First off, thank you for reaching out to our little project.

Does this format contain what your database would want to know from other databases?

This database is primarily concerned with advisories affecting RubyGems and Ruby implementations. I did not see any examples of a RubyGem or Ruby advisory in the document, so I cannot give specific feedback. Based on the examples that I did see, the metadata does contain affected semver-version ranges which we could convert to RubyGems style version ranges; {"type": "SEMVER", "introduced": "1.15.0", "fixed": "1.15.17"} would become affected: ">= 1.15.0, < 1.15.17".

Would you be willing to make your database available in this format?

Considering that bundler-audit uses the current YAML schema, we must be careful about changing the schema. Also, while JSON is machine readable, it is not exactly human readable/writable, especially for data containing multi-paragraph text blocks. Where as plain YAML excels at representing multi-paragraph text blocks in a human readable/writable manner.

I am also hesitant about rushing to adopt or become dependent on a new format that might not become widely adopted or suddenly becomes unsupported. It also seems like a lot of work that we the maintainers would have to take on ourselves, especially for a new format which hasn't reached v1.0 yet and is still under active development. There would need to be a clear benefit to ruby-advisory-db and bundler-audit, in order to justify taking on the work of migrating to a new advisory format.

That said, the Google OSV team is more than welcome to help contribute back to ruby-advisory-db, by either submitting advisories or code contributions to help integrate the two advisory schemas.

oliverchang commented 3 years ago

Thank you very much for the feedback!

I added an example of a RubyGems advisory into the document.

Re changing the schema format, we're not necessarily asking everybody to use this format as the source of truth, only that databases export this JSON format so people can easily build ecosystem-agnostic tooling to consume vulnerabilities in all open source package ecosystems.

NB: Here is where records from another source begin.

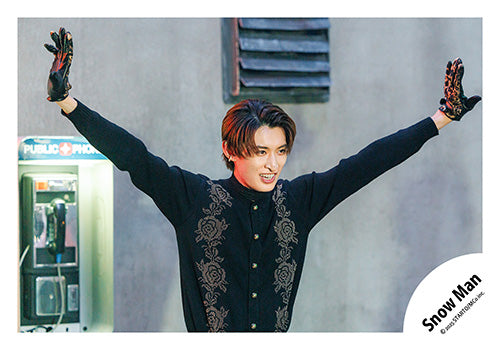 【No.SM25-622】單曲「SERIOUS」MV&封面花絮照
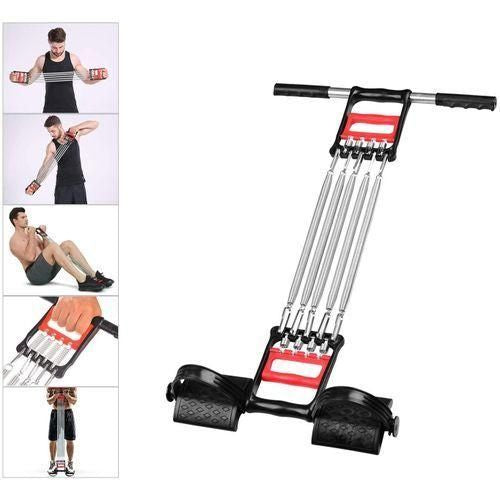 Équipement d'entraînement pour la poitrine Stretcher à pédales
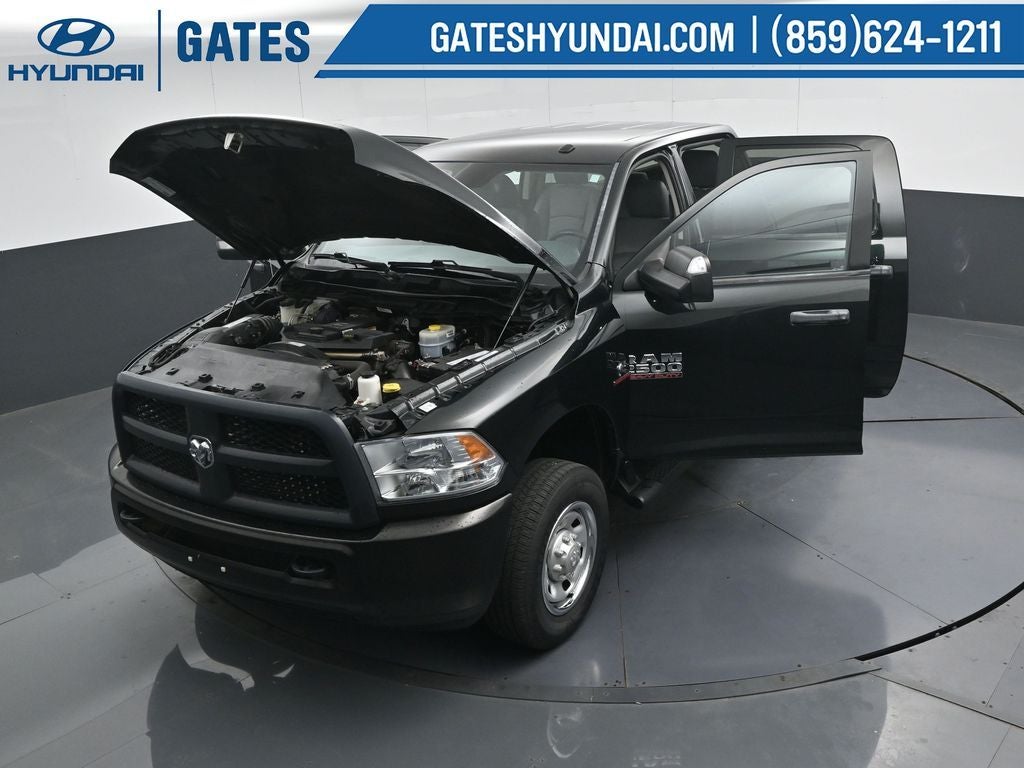 2016 RAM 2500 Tradesman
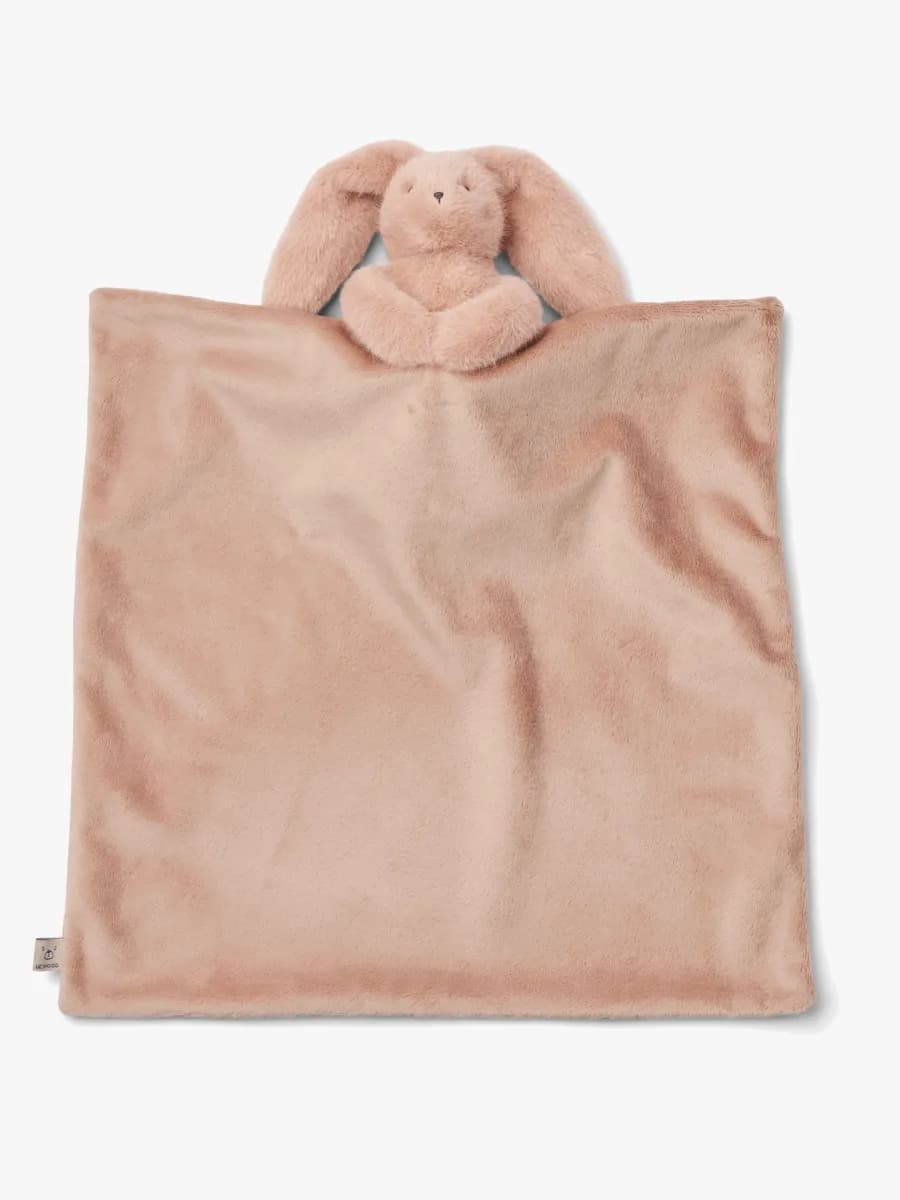 LIEWOOD Rabbit Bear Snuttefilt, Pale Tuscany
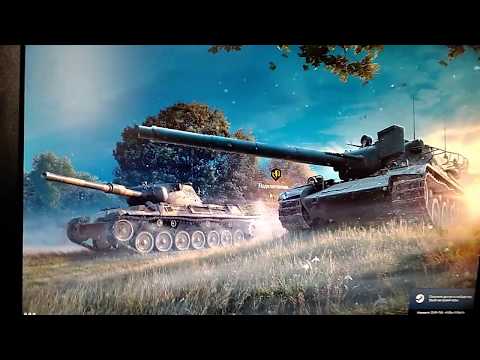 Вот Блиц Вылет из игры после синхронизации !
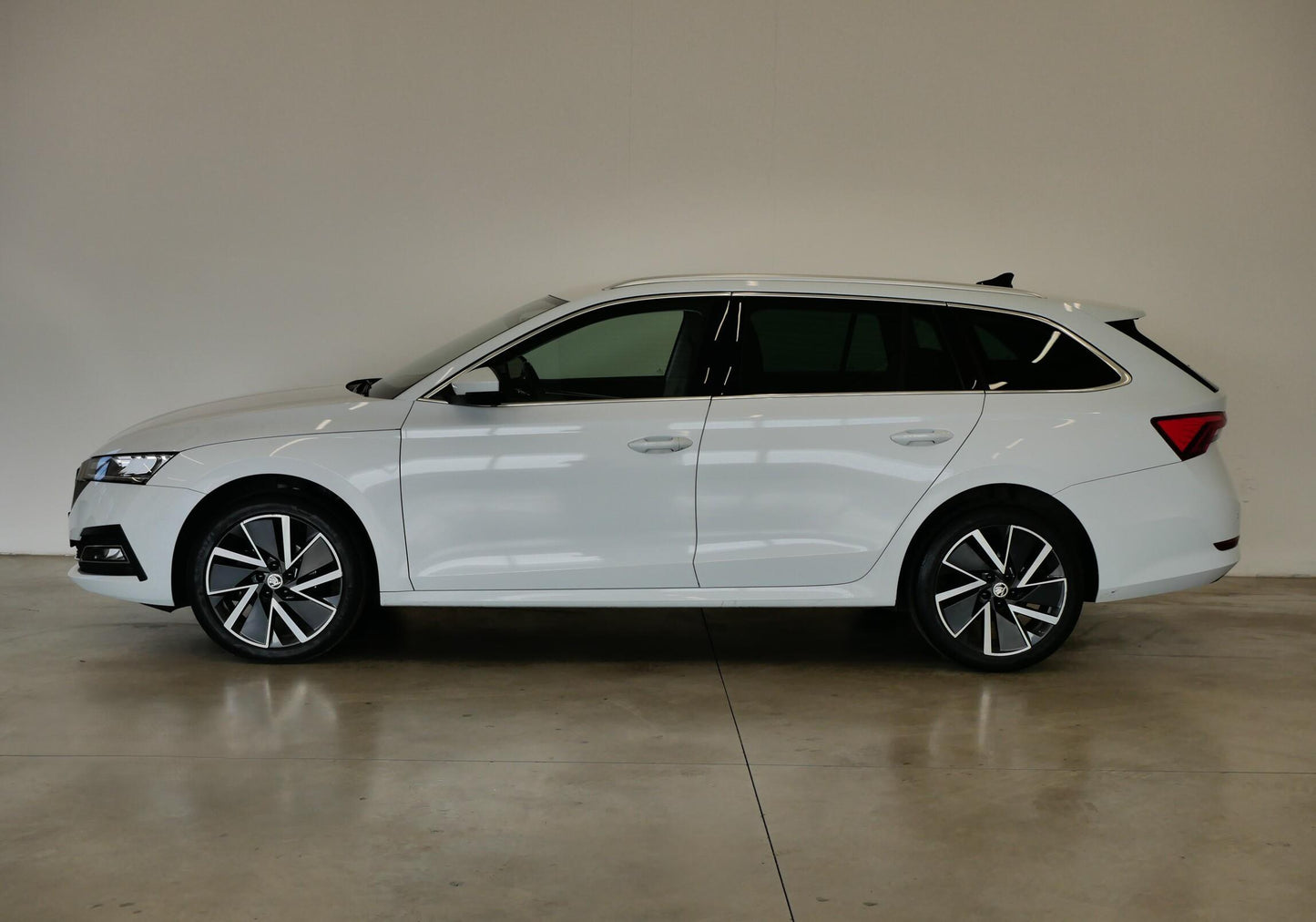 Škoda Octavia 1.5 TSI e-TEC 110 kW Style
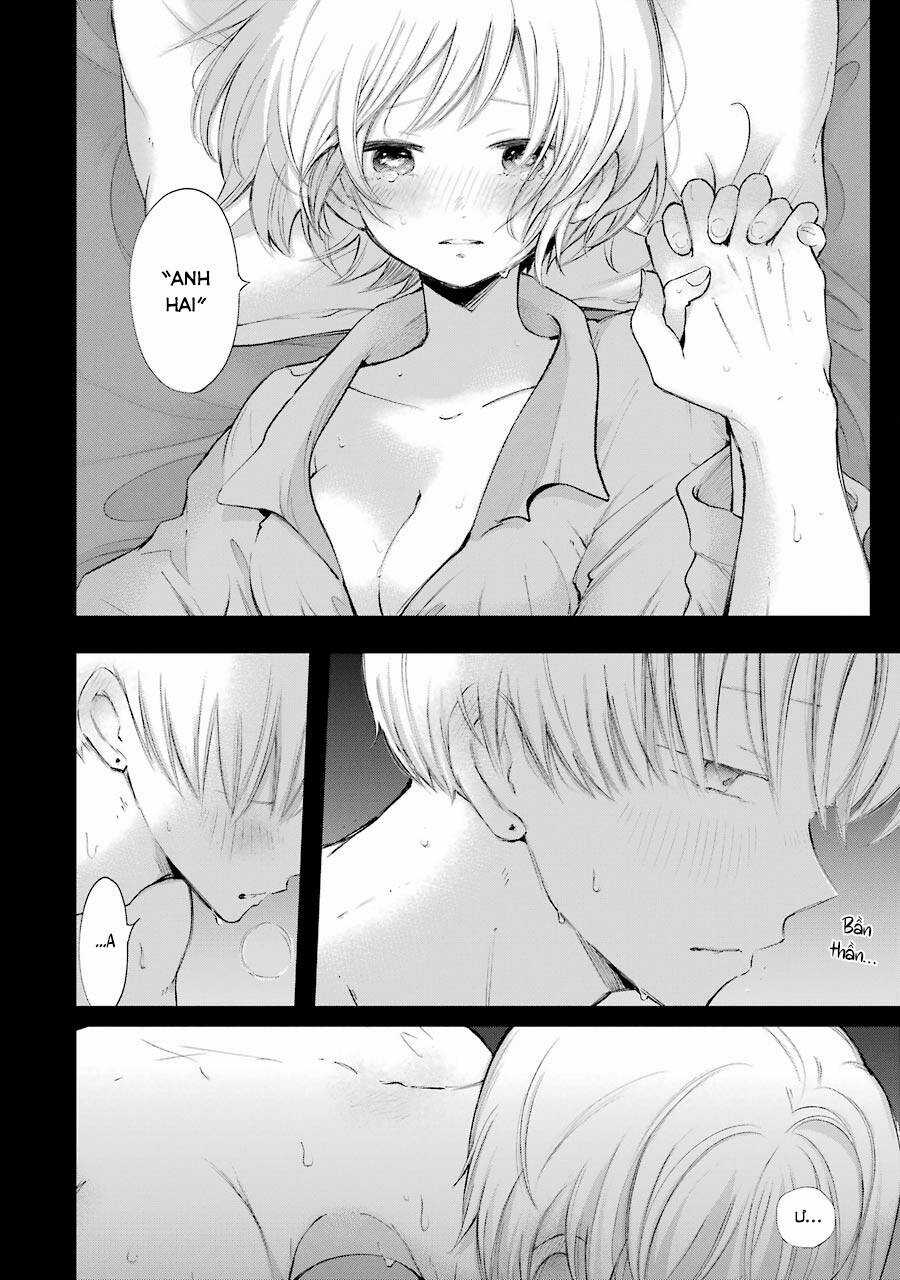 Lộng Lẫy Phút Lìa Đời Chapter 15 trang 21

Regarding the format spec being widely adopted, the Go vulnerability database, Rust vulnerability database are committed to exporting this format, and we've very close to helping the Python community launch its own vulnerability database. We also have a DB of vulns found by our OSS-Fuzz service. We're hoping to finalise this as a V1 spec very soon after gathering more feedback.

That said, using this schema as the source of truth (as an alternate YAML encoding for easy hand-editing as you mention) has its benefits wrt common tooling for database maintainance. For Python, we've built out a workflow to minimize human triage and auto-generate entries in this format from other feeds such as NVD. This could be generalized to Ruby if this is something might help.

More generally, the OSV team is certainly very happy to help contribute changes here to help integrate this schema and with advisory generation as well.

Thanks!

oliverchang commented 3 years ago

Hi, just following up again here!

Would you be open to supporting this format as an export of the current ruby DB? We'd be happy to help with the implementation of this, as well as collaborating to find ways to make discovering new advisories easier (as we've done for Python). Perhaps there are other ways we could help fund the existing maintenance effort too -- happy to discuss more over email.

We also just released a blog post with some more background info: https://security.googleblog.com/2021/06/announcing-unified-vulnerability-schema.html

postmodern commented 3 years ago

I see one major hurdle based on the conversation in the JSON Schema Google doc: listing the impacted versions. The ruby-advisory-db uses RubyGem's version constraint syntax (ex: ~> 1.2.3, <= 1.4.0) to specify patched or unaffected version ranges. The JSON Schema prefers listing the impacted versions explicitly for RubyGems, due to RubyGems not fully supporting the SemVer version format. This would require querying the rubygems.org API to find all versions that do not full within the patched or unaffected version ranges.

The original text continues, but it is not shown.